The title-page and frontispiece of an 1870 edition of The Vale of Cedars and a frontispiece from an 1896 edition. Courtesy of the Hathi Trust Digital Library and the Harvard University Library. [Click on images to enlarge them.]

The novel opens with Stanley’s proposal of marriage to Marie in the Vale of Cedars, the location that gives the novel its title. This hidden, almost inaccessible mountain valley houses a handsome small synagogue built by Marie’s secretly Jewish family. Spain’s longstanding, prosperous, and productive Jewish community has responded to persecution by going into hiding as Jews and passing themselves off as Christians in public — a strategy that the narrator defends against the degrading charge of deceit and hypocrisy. Stanley, a double character himself in his dual loyalty to his native England and his adopted Spain, proclaims his undying love of Marie. He does so despite her Jewishness, which she had had the courage to confess to him in order to explain why, reciprocating his love, she could not join him in marriage. “Tempt me no more, Arthur; it cannot be; I dare not be thy bride,” she pleads. Stanley, unable to understand her attachment to a religion for which he has no less contempt than the Spaniards, remains unconvinced and responds,

‘And yet thou speakest of love. ‘Tis false, thou canst not love me,’ and Stanley sprung to his feet, disappointed, wounded, till he scarce knew what he said. ‘I would give up Spain and her monarch’s love for thee. I would live in slavery beneath a tyrant’s rule to give thee a home of love. I would forget, trample on, annihilate the prejudices of a life, unite the pure blood of Stanley with the darkened torrent running through thy veins, forget thy race, descent, all but thine own sweet self. I would do this, all this for love of thee. And for me, what wilt thou do? — reject me, bid me leave thee — and yet thou speakest of love; ‘tis false, thou lovest another better.

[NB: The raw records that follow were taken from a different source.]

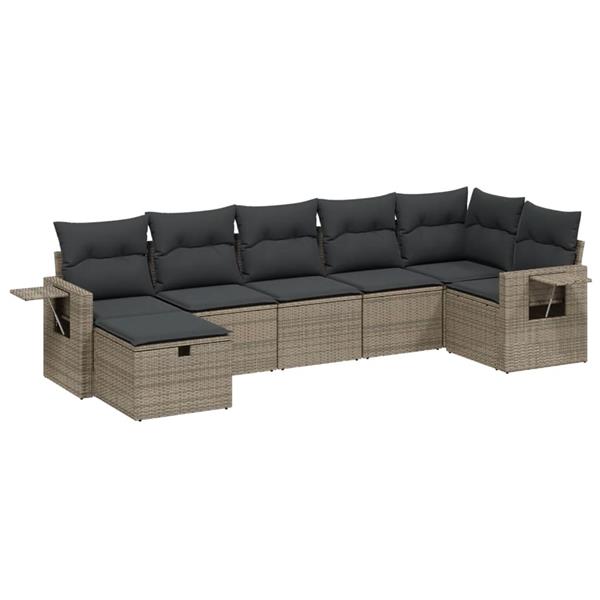 Grote foto vidaxl 7 delige loungeset met kussens poly rattan grijs tuin en terras tuinmeubelen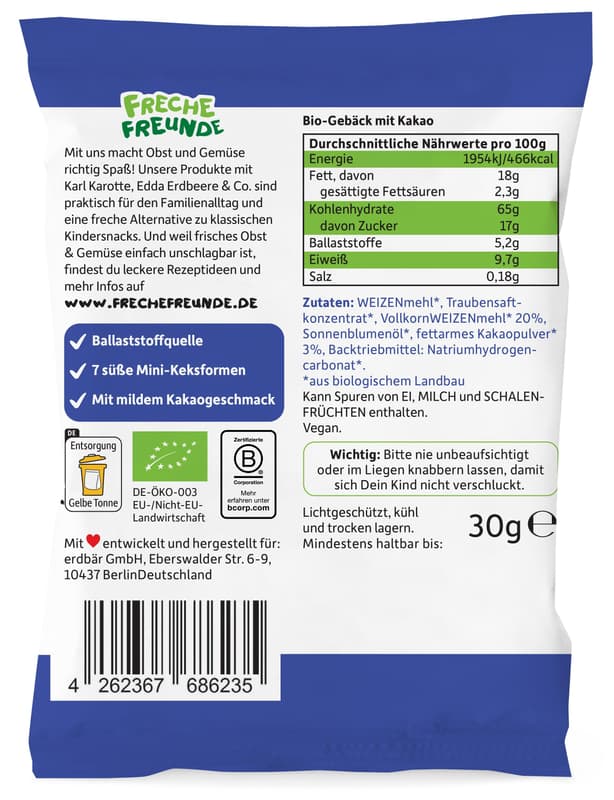 	Freche Freunde Organic Mini Cookies, Cocoa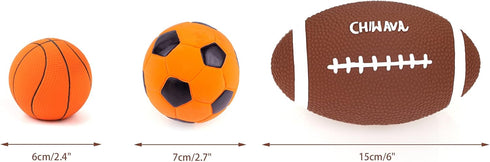 CHIWAVA 2 Pack 6" Squeaky Latex Dog Toy Balls, Football Rugbys Fetch Interactive Toy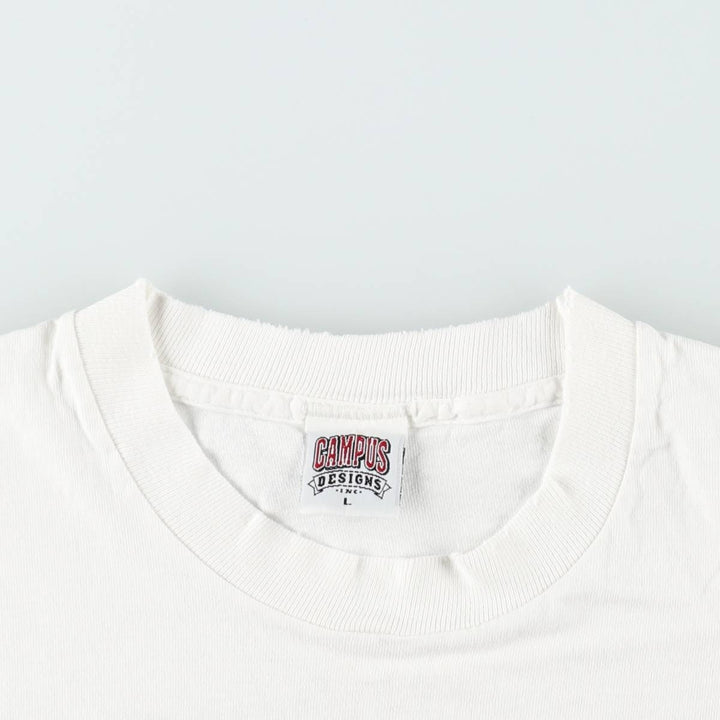 CAMPUS College T-shirt, Made in USA, Men's Size L cotton white type Vintage Second Hand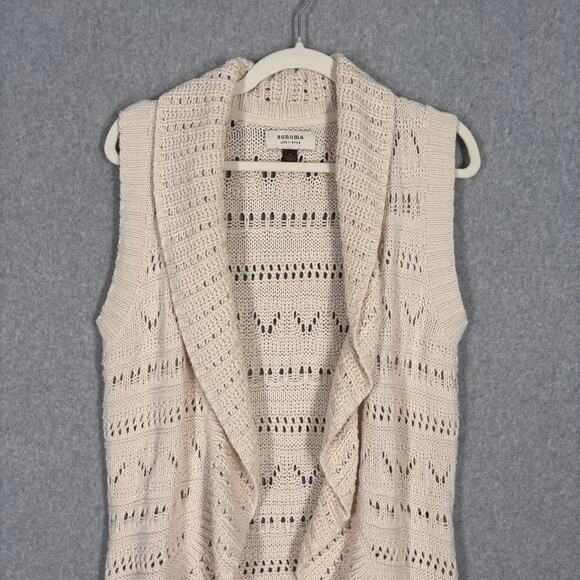 Sonoma Cardigan Vest Medium Cream Crochet Sheer Festival Farmhouse‎ Cottage Boho - Picture 2 of 9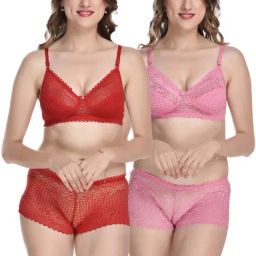 AROUSY Red & Pink Self Pattern Bra Panty Set - Pack Of 2-13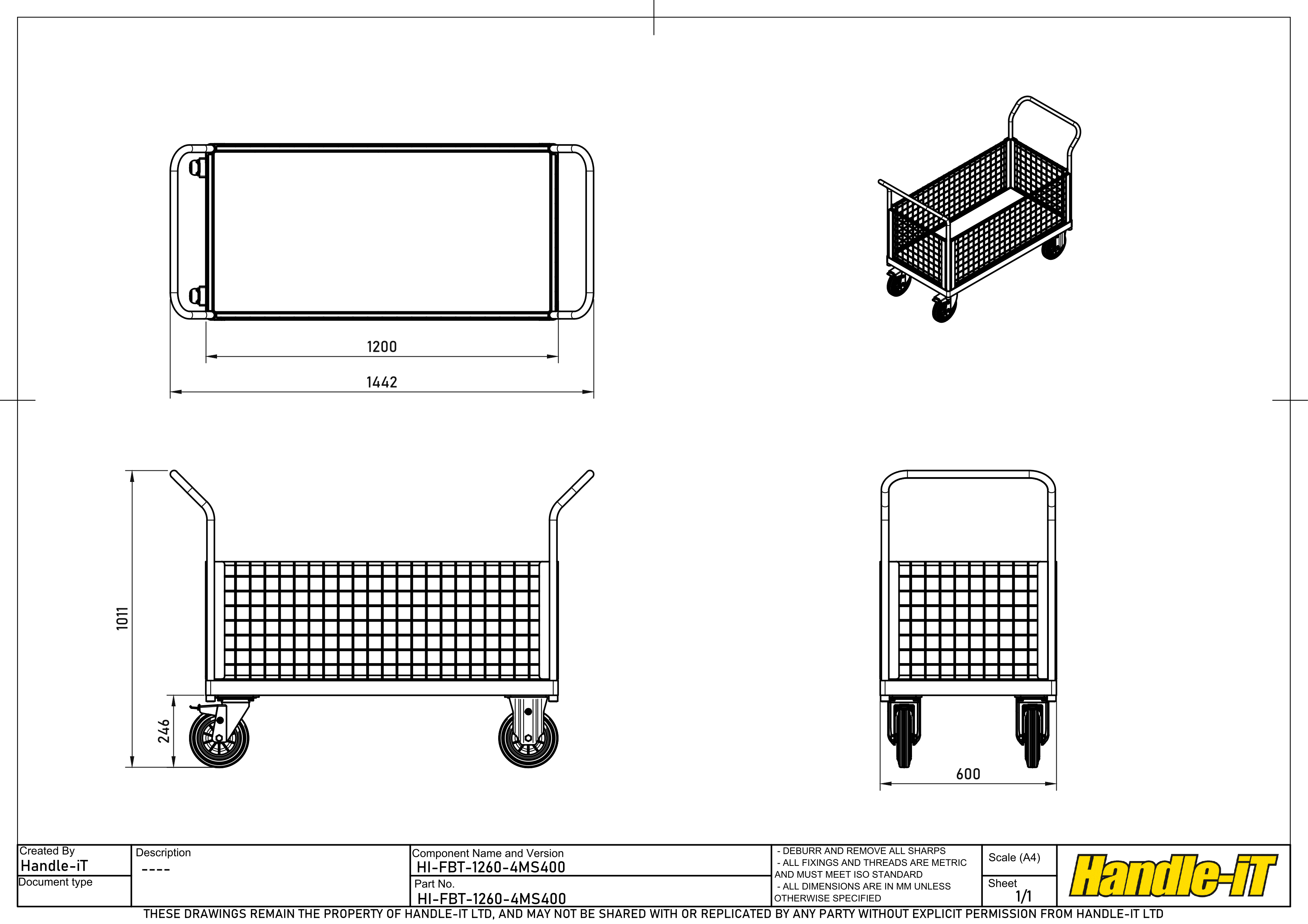 Carro de plataforma con paredes de rejilla de malla met&aacute;lica dimensions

Marie then concedes that there is indeed “a love, a duty stronger than that I bear to thee. I would resign all else, but not my father’s God.” Stanley finally acknowledges the depth of Marie’s feeling and the agony of her choice, but sees it as related solely to her love of and loyalty to her earthly father: “I will obey thee, Marie . . . I will leave thee now, but not — not for ever. No, no; if indeed thou lovest me time will not change thee, if thou hast one sacred tie, when nature severs that, and thou art alone on earth, thou shalt be mine whatever be thy race” (21-22).

Frontispiece from another edition of The Vale of Cedars. Courtesy of the Hathi Trust.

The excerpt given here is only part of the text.